I’m glad the research so far maps to what I would logically expect to be true. Things that lead to poor performance are things that take energy. Imagine images. You’ll be dinged on performance scores for serving too large or unoptimized images. Imagine the performance implications of that. There are two images sitting on a server, a large one and a small one. Which one takes more electricity to travel to some user’s computer? The large one. Which one takes more processing power to parse and display? The large one. Which one occupies more memory (which uses electricity) for the duration of it’s life on screen? The large one.

The less across the network, the less electricity.

The less your browser has to do, the less electricity.

Some ad that auto-refreshes itself every few seconds? Not only is it annoying, but it’s bandwidth-wasteful and thus wasteful with electricity.

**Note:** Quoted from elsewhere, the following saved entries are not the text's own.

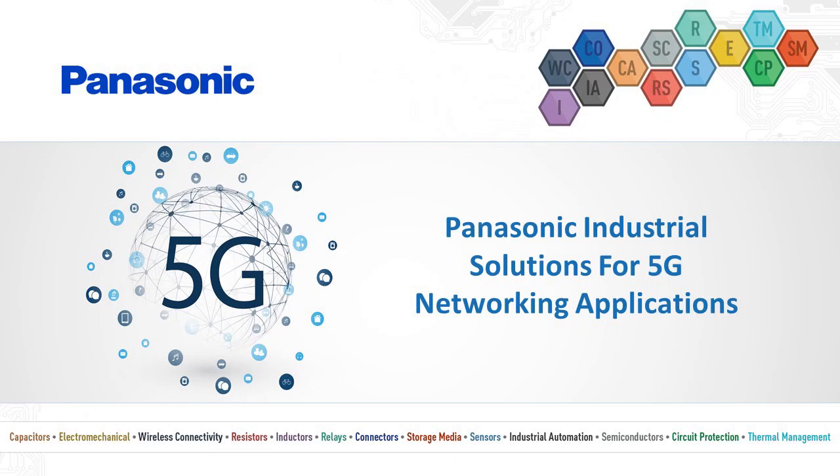Hello, and thank you for joining Panasonic Industrial as we discuss 5G networking applications. If you design 5G network hardware, this presentation will be worth your time, so please stay with us as we discuss specific Panasonic Industrial passive and electromechanical components that can be used in various types of 5G networking hardware.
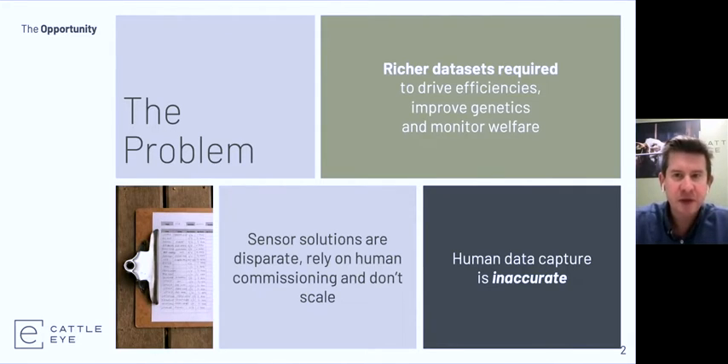The problem that a lot of us face in these companies is how we get better data from farmers about their livestock. You need that data to drive efficiencies, which is becoming ever more important as we drive towards net zero, to improve genetics, and very importantly to monitor and improve animal welfare. Currently most recording of livestock information is carried out by humans typing into computer systems or even writing things down, which is effectively inaccurate. There are lots of really good wearable sensor solutions, but they tend to rely on human commissioning and don't scale well on very large dairies.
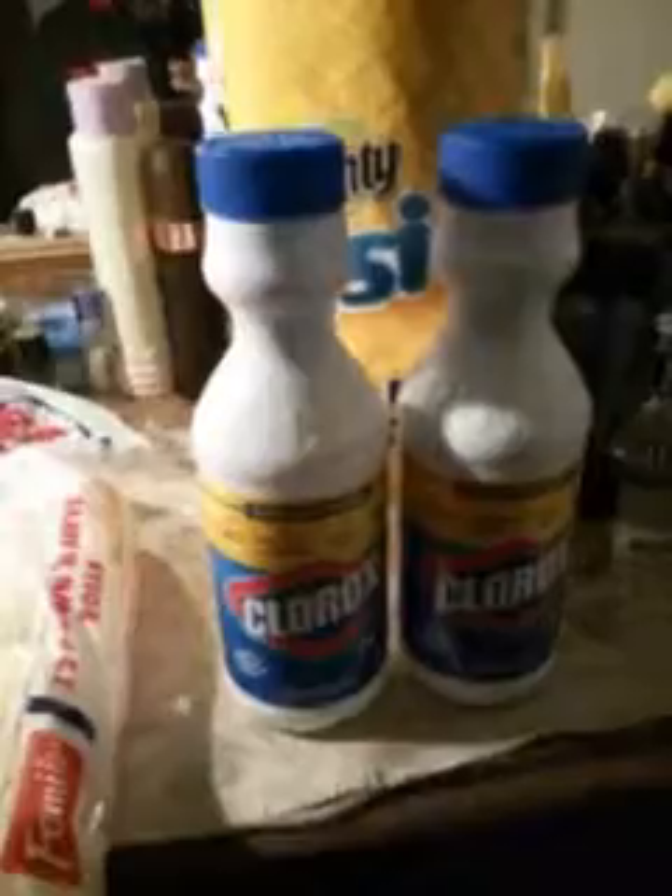I picked up some Clorox — gotta have this. I use a lot of it. I clean my floors with it, put it in my dish water, keep the commode clean, kill germs, mop my floor, wash my dishes. I do a little bit of everything with Clorox, can't never get enough of that. I actually picked up two of them. You gotta keep that in your arsenal — keep things fresh and clean.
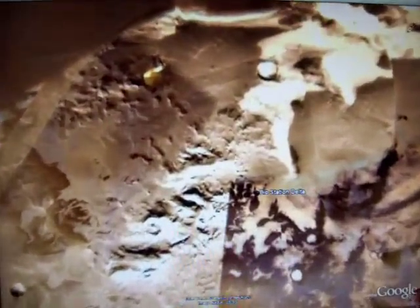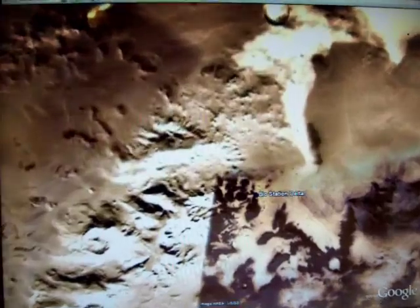Hey YouTube, this is Dave Martins again. I discovered Biostation Alpha in the north of Mars, so I figured I'd go to the south and see if there was a counterpart there.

Whenever you have to resort to polling (i.e. making a network request over and over) rather than something event-based like web sockets? That’s using electricity that you may not have needed to use.

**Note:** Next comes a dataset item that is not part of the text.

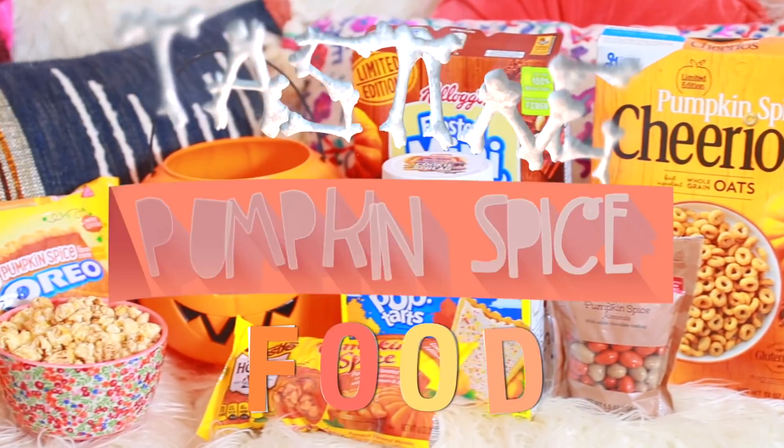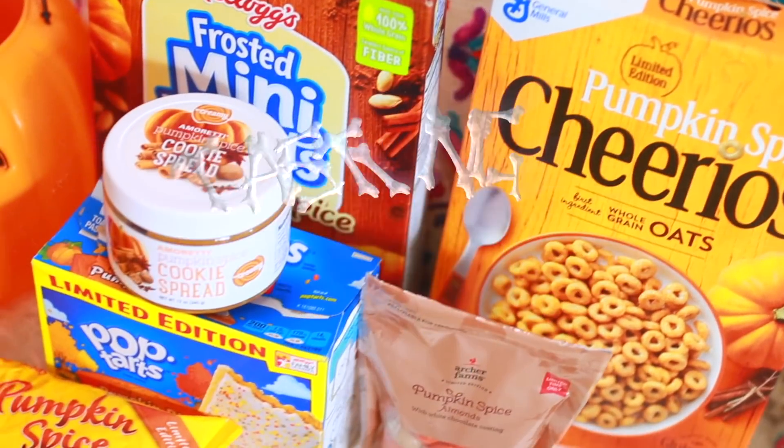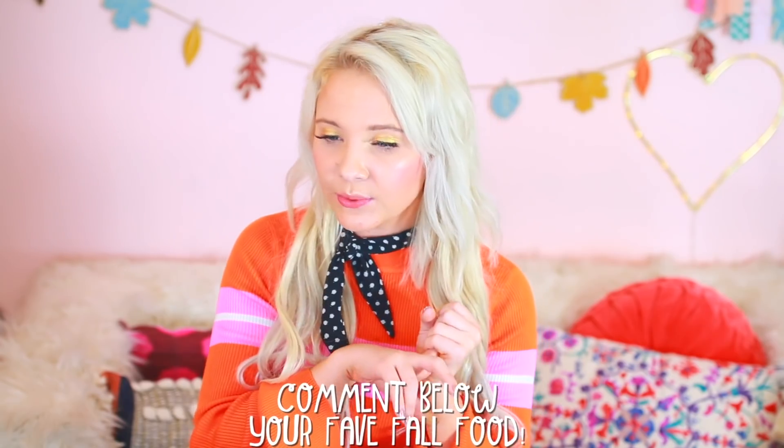I love festive AF things! Hey guys, I'm so excited because I'm doing a fall themed video. Comment down below what is your favorite fall food ever. Do you like pumpkin pie? Do you like pumpkin seeds? Thumbs up this video if you love food. I love food.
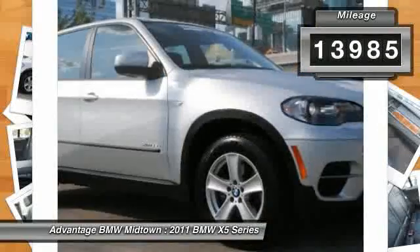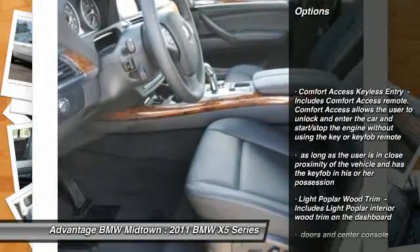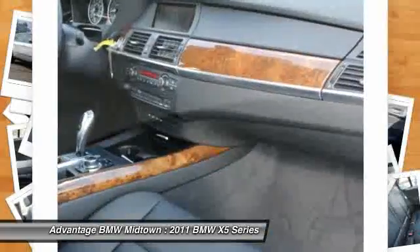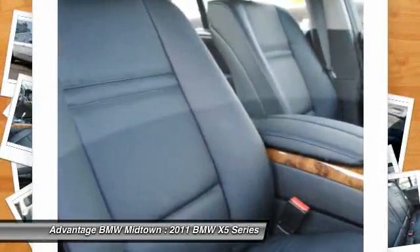Here are some of this vehicle's great options: navigation system, auto dimming rear view mirror, universal garage door opener, technology package, park distance control with graphic display, lumbar support. This beauty will make even your house keys jealous.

We know that CDNs are good for performance too. Rather than a file (like an image) needing to travel across the world, it comes from a server much geographically closer on a server designed for that job. This is where things get a little more murky to me.

With performance as our goal: objective achieved. With low-energy consumption as our goal, are we there?

It has been studied, but unfortunately, I can’t tell what the conclusion is from the abstract alone. In my mind, things are complicated by the fact that servers around the world are storing copies of these assets, and when the assets change, it’s not just one server where they update, but again, servers around the world. There has got to be a balance between the propagation and duplicative storage as far as the savings that would be realized by the efficiency of saving requests.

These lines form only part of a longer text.